Embodied Subjectivity Workshop, Dublin 25-27 May 2010
'Husserl and the Body Politic', Timo Miettinen (University of Helsinki)
For the part of our Western philosophical tradition that has aimed at establishing a theory of community, the image of the human body has served as one of the most important points of departure. This tradition, often discussed under the heading of body politic, is still a decisive feature in our understanding of communities. In this presentation I wish to elucidate the Husserlian theory of community by examining its critical relation to the tradition of body politic. For even though Husserl’s analyses on “We-subjectivity” and “personality of a higher-order” drew heavily on his reflections on individual consciousness, especially in his texts of the 1930s he often accentuates the antithetical relation to the established tradition of body politic – especially the organic and naturalist implications that were inherent to the early twentieth-century crisis-debate. As I argue, despite Husserl’s insistence of interpreting communities as essentially “spiritual wholes” (eg. HuaVI: 320), he never abandoned the idea of collective corporeality. In his manuscripts on intersubjectivity, Husserl often accentuates the corporeal character of communities, attributing them a form of “collective bodily existence (kollektive Leiblichkeit)” (Hua39: 181), as well as spatial orientation (Hua14: 206). Thus by elucidating some of the central concepts of Husserl’s communal theory, I hope to enlighten his twofold relation to the Western tradition of body politic.
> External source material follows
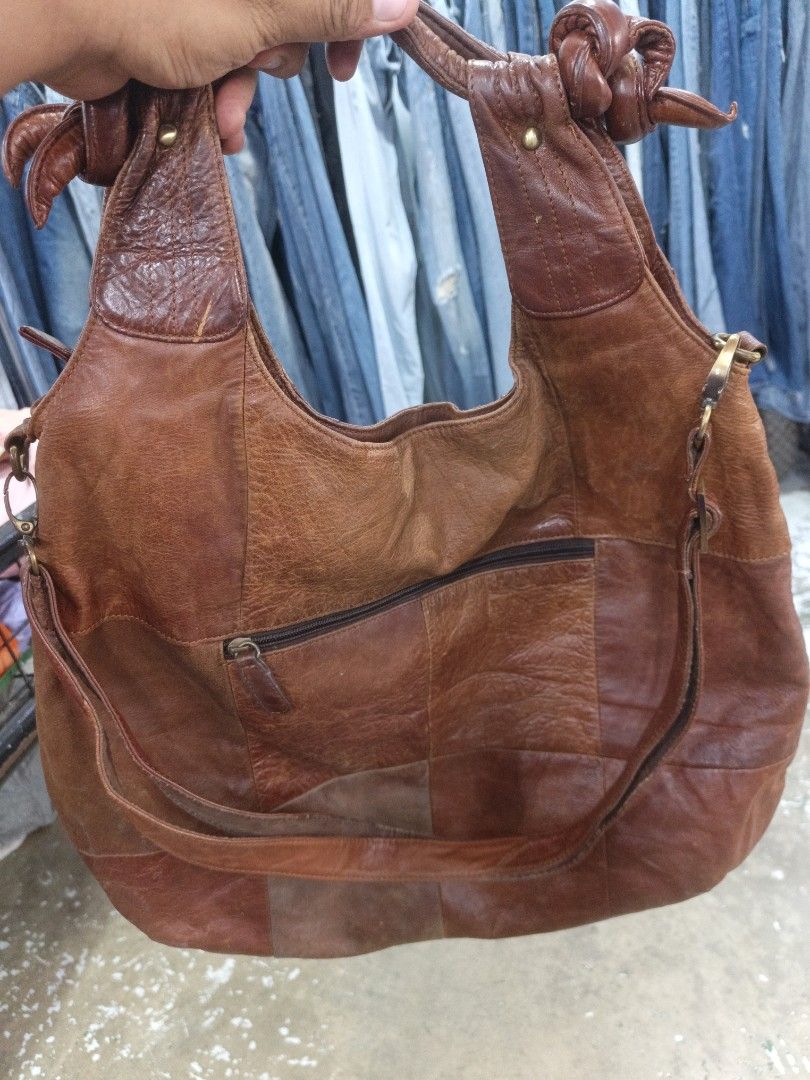 Vintage Brown Leather Patchwork Hobo Shoulder Bag with Eyelets (Category: Shoulder Bags) located in San Carlos City. Submitted by dhong_abay_thrift (Listing ID 1470351161, Image 3). Description: Brown leather shoulder bag. Patchwork construction with intricate stitching details, brass-tone eyelets, and wooden-look button accents on the front. Double structured handles with knot ties. Additional long adjustable strap attached on the sides. Back fe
'Chronic pain in phenomenological-anthropological perspective', Katherine J. Morris (Mansfield College, Oxford University)
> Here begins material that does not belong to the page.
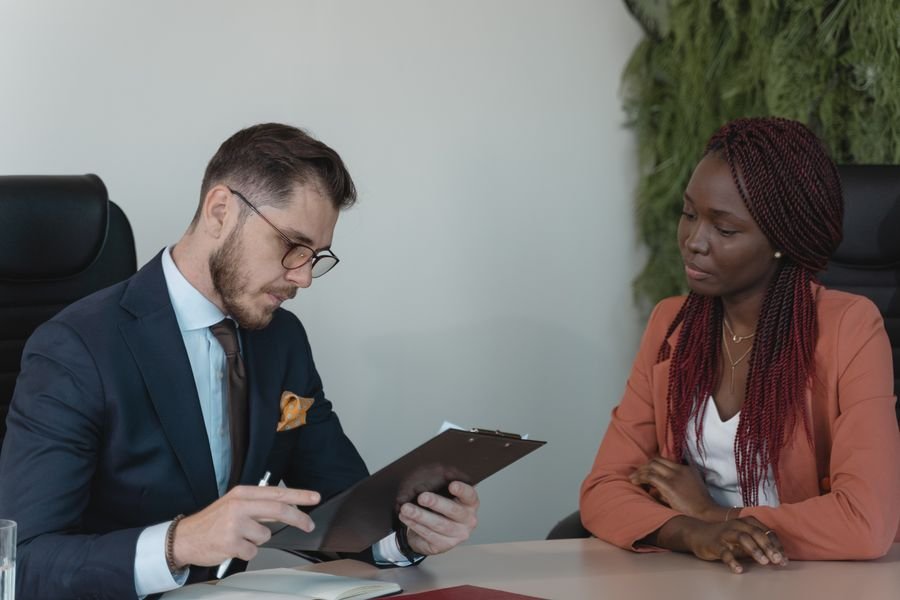 A candidate and an interviewer across a table, one of them reading a CV on a clipboard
‘Chronic’ pain (as opposed to ‘acute’ pain, although the distinction is both vague and contestable and this is in itself important) has been seldom discussed by philosophers – be they analytic philosophers of mind or more phenomenologically oriented philosophers. It has, however, for a variety of reasons, become a significant research topic within medical anthropology. It raises epistemological, metaphysical and ethical issues that acute pain does not, e.g., ‘If there is a single experience shared by virtually all chronic pain patients it is that at some point those around them… come to question the authenticity of the patient’s experience of pain’ (A. Kleinman, 1988: The Illness Narratives. Suffering, Healing, and the Human Condition. New York: Basic Books, p. 57); again, 'Severe chronic pain... can so deeply affect the sufferer's existence as to erode personal identity' (J. E. Jackson, 2000: Camp Pain: Talking with Chronic Pain Patients, Philedelphia: University of Pennsylvania Press, p. 2). What I want to try to do here is to bring the medical anthropology literature on chronic pain into dialogue with phenomenology (Merleau-Ponty in particular) – or rather, since much of the medical anthropology literature on this topic is already relatively phenomenologically informed, to sharpen and deepen some of their formulations. Conversely, the phenomenological literature on pain and more generally on the phenomenology of the body might gain from a consideration of chronic pain as well as from the social and cultural perspectives that anthropology can bring to bear. Thus such a dialogue could be mutually illuminating.
'Husserl on the Second-level Sensibility: Dynamics of Activity and Passivity and the Embodiment of Spiritual Meaning', Simo Pulkkinen (University of Helsinki)
In this paper I will explicate Edmund Husserl’s notion of “second-level sensibility” and its roots in dynamical relationship of activity and passivity. By this explication I will clarify how Husserl can claim that the environing world, taken in its full experiential concretion, is never given as a world of “mere things” but rather always “embodies” various levels of “spiritual meaning” ranging from merely personal characteristics of familiarity to various culturally shared layers of meaning. By employing the notion of “embodiment” when speaking of spiritual meaning, Husserl wants to stress that this broadly speaking subjective meaningfulness is in no way a mere separate or subsequent clothing given to otherwise meaningless material things. Rather it forms an intimate and seamless unity with the material reality: in our everyday dealings with the world we are faced with a reality that as such embodies various levels of subjective meaning. Husserl also claims that we don’t have to exercise any kind of conscious activity in order to come to terms with these higher levels of meaning but that they are rather something simply and straightforwardly perceived – and for the most part even passively pregiven before any such activity could take place. This idea nevertheless seems to become problematic when compared with Husserl’s own recurring conviction that all such meaning has to have a subjective and active constitution: only the sensible characteristics of the environment can be received purely passively through the senses while all other meaning has to be somehow actively conceived and formed by the subjectivity. In this paper I will show how Husserl solves this seeming problem by reworking the distinction of “active meaning-formation” and “passive pregivenness of content” and by developing the notion of “second-level sensibility” that reveals the reciprocal and dynamical relationship of these seemingly separate dimensions activity and passivity.